# Jury service



## paolop

Just found out that I have been selected for jury service back in the UK, I am hoping that living in Egypt is a sufficiently compelling reason for exemption!


----------



## hurghadapat

paolop said:


> Just found out that I have been selected for jury service back in the UK, I am hoping that living in Egypt is a sufficiently compelling reason for exemption!


I would assume so unless they want to pay airfares and hotel accomodation.


----------



## Lanason

paolop said:


> Just found out that I have been selected for jury service back in the UK, I am hoping that living in Egypt is a sufficiently compelling reason for exemption!


I would have thought so


----------



## CAIRODEMON

Lanason said:


> I would have thought so


Same thing happened to me about twelve years ago. Do not ignore it.

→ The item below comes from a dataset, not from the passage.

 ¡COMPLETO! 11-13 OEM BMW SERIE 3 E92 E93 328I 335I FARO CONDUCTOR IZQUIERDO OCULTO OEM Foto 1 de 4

I had my boss write them a letter saying that the company was going through a very busy period and that I was a vital employee (he managed to keep a reasonably straight face whiles't doing this!), it would be a twelve hour plane ride each way and therefore could my service be deferred?

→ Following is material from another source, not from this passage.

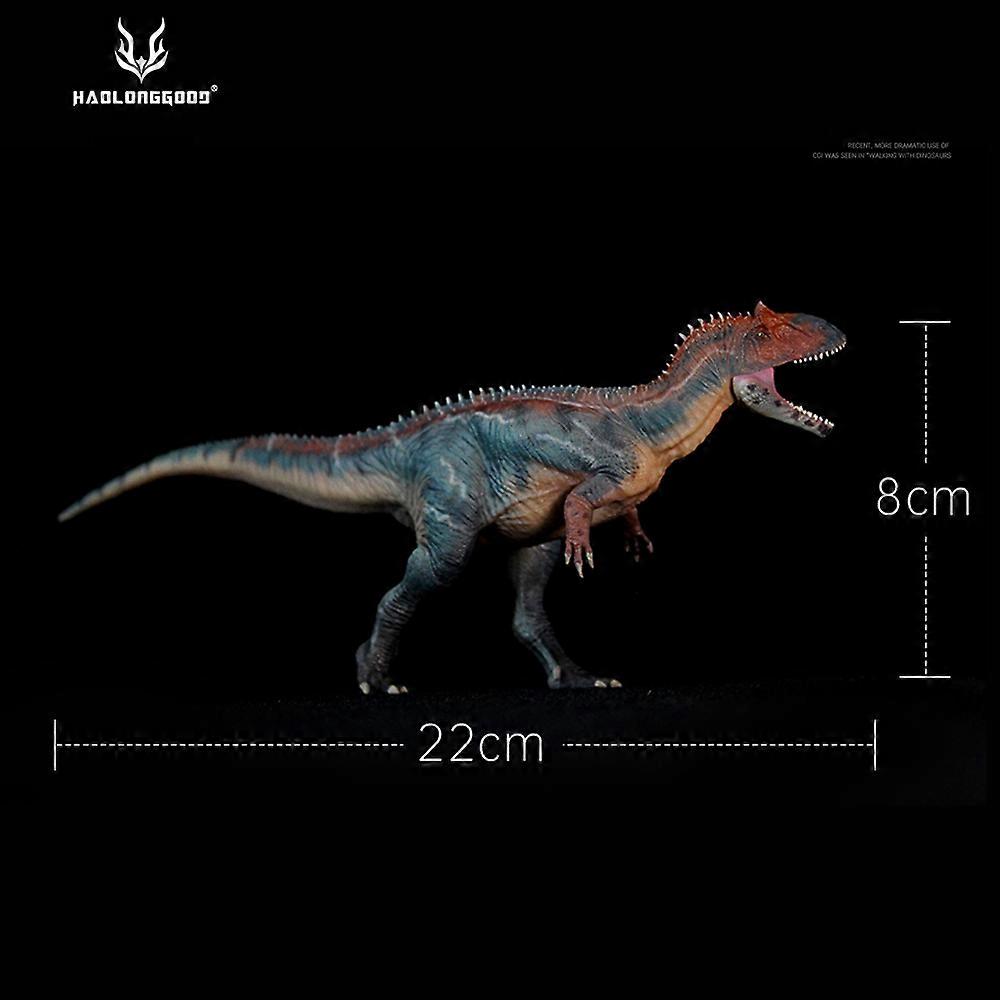 GRTOYS X HAOLONGGOOD 1/35 Allosaurus דגם Theropoda דינוזאור דמות בעלי חיים אספן תפאורה סצנה GK יום הולדת צעצוע מתנה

I received a very polite response saying that they completely understood and that I was excused from jury service for ever


----------



## paolop

I did indeed contact them and they sent me a very polite email assuring me that I was excused!


----------



## Lanason

That's good news indeed
When to you move in to your new place?


----------



## paolop

Lanason said:


> That's good news indeed
> When to you move in to your new place?


we are in! spent the weekend literally scrubbing it as it really was filthy and the owner "had no time to get it cleaned as it is Ramadan" not like i havent heard that excuse before!

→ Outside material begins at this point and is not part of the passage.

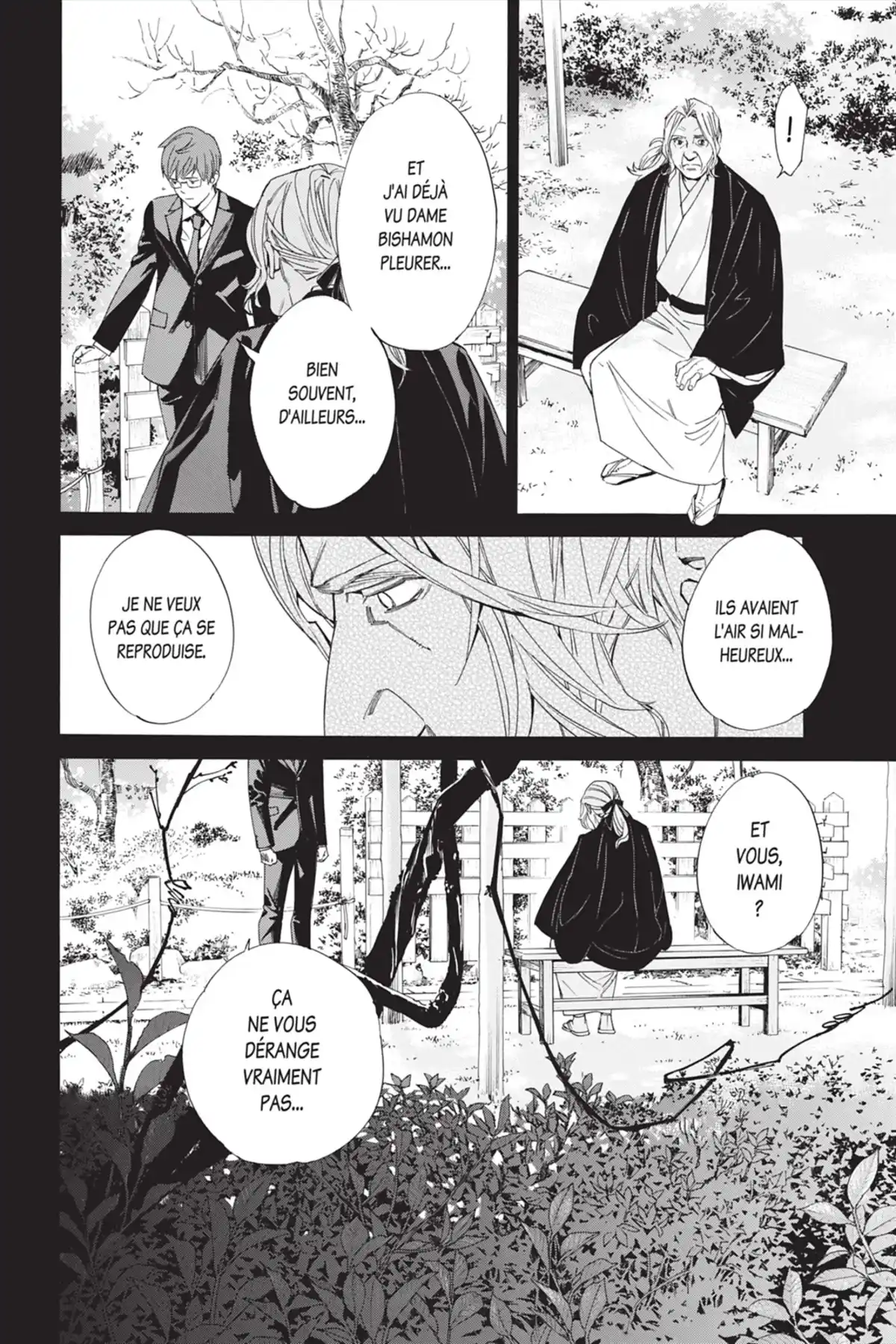 Noragami Volume 20 page 76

You up for a meet at Costa at some point this coming weekend?


----------



## Lanason

paolop said:


> we are in! spent the weekend literally scrubbing it as it really was filthy and the owner "had no time to get it cleaned as it is Ramadan" not like i havent heard that excuse before!
> 
> You up for a meet at Costa at some point this coming weekend?


Yes - lets us know when you are free - we are going to collect my "rugby shirt" from the framers in Maadi on Friday afternoon -#excited


----------



## paolop

we were thinking late afternoon around 5ish....let me know if that works for you


----------